YOUR TASK
Beginning with the line that contains "3x foto: MAFRA", transcribe the rest of the listing below exactly, including its last line, and exclude any pictures.

DATA EXCERPT
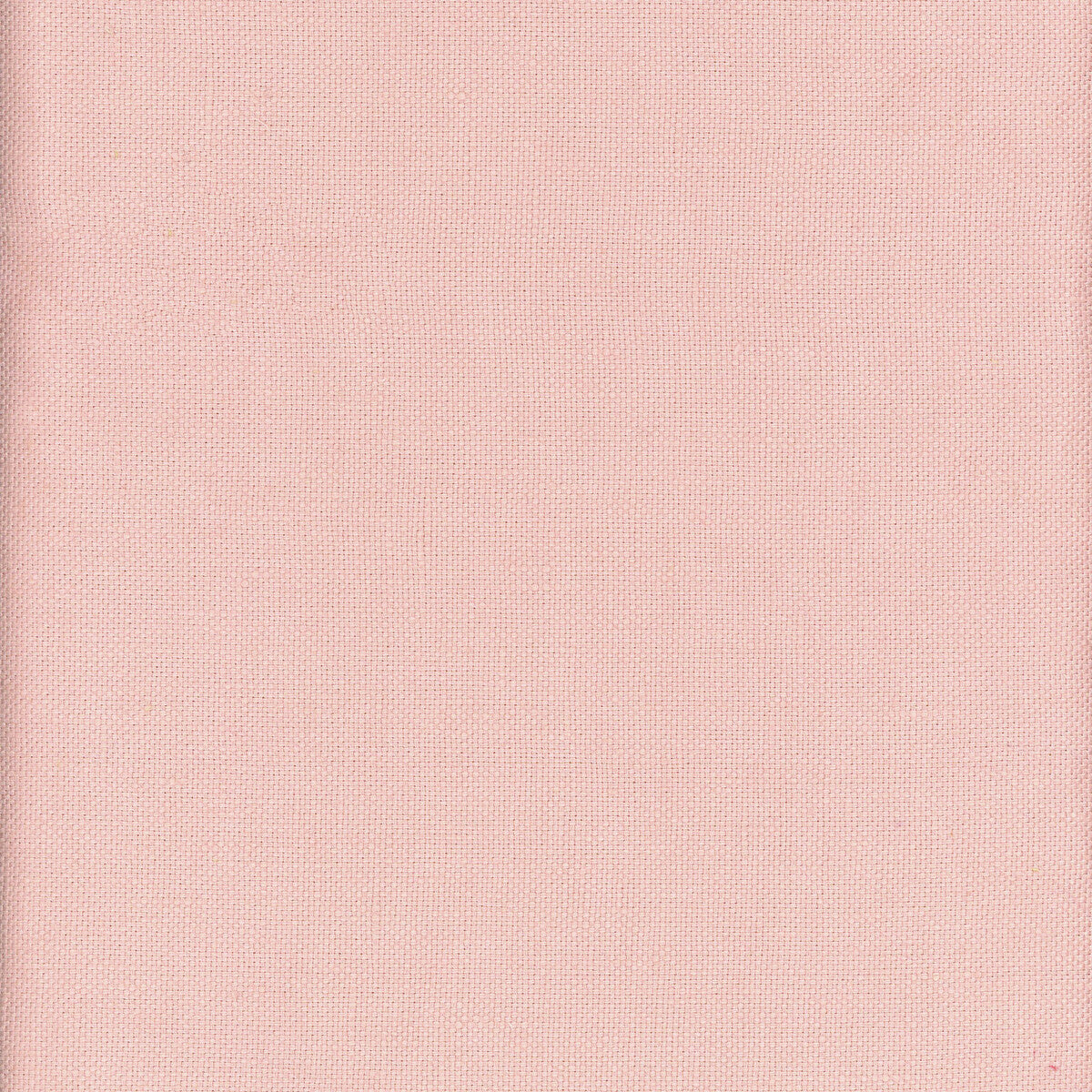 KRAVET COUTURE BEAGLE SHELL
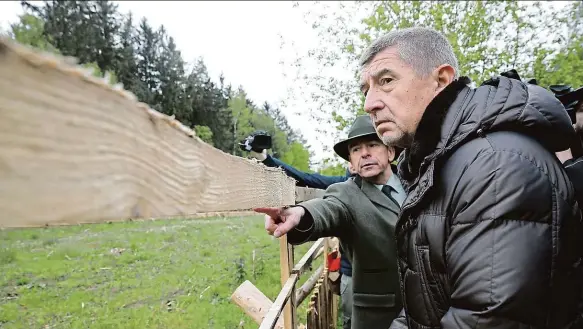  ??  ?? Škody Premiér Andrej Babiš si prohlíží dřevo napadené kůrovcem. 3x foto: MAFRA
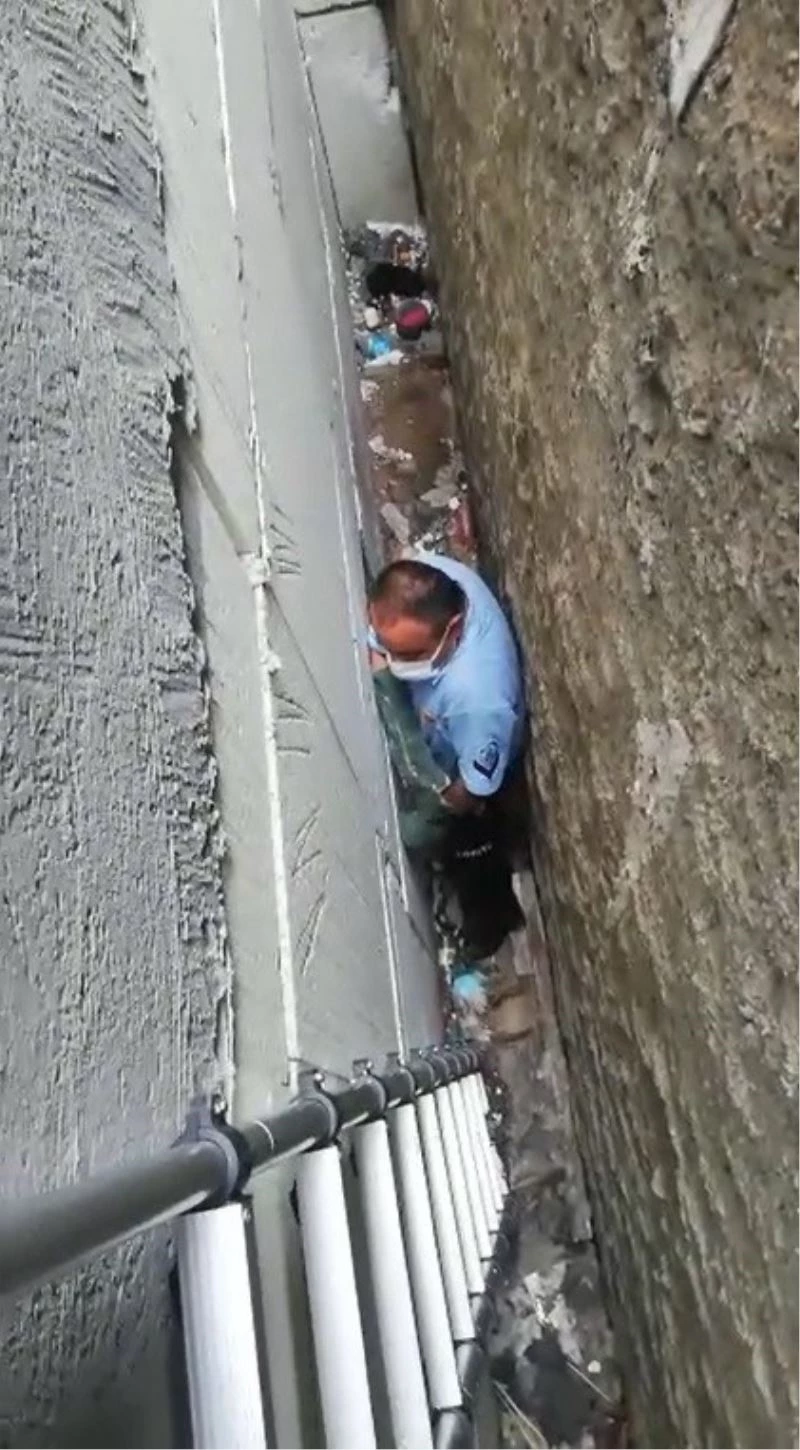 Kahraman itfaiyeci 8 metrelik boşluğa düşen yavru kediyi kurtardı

RESPONSE FOR THIS EXERCISE
  ??  ?? Škody Premiér Andrej Babiš si prohlíží dřevo napadené kůrovcem. 3x foto: MAFRA
 Kahraman itfaiyeci 8 metrelik boşluğa düşen yavru kediyi kurtardı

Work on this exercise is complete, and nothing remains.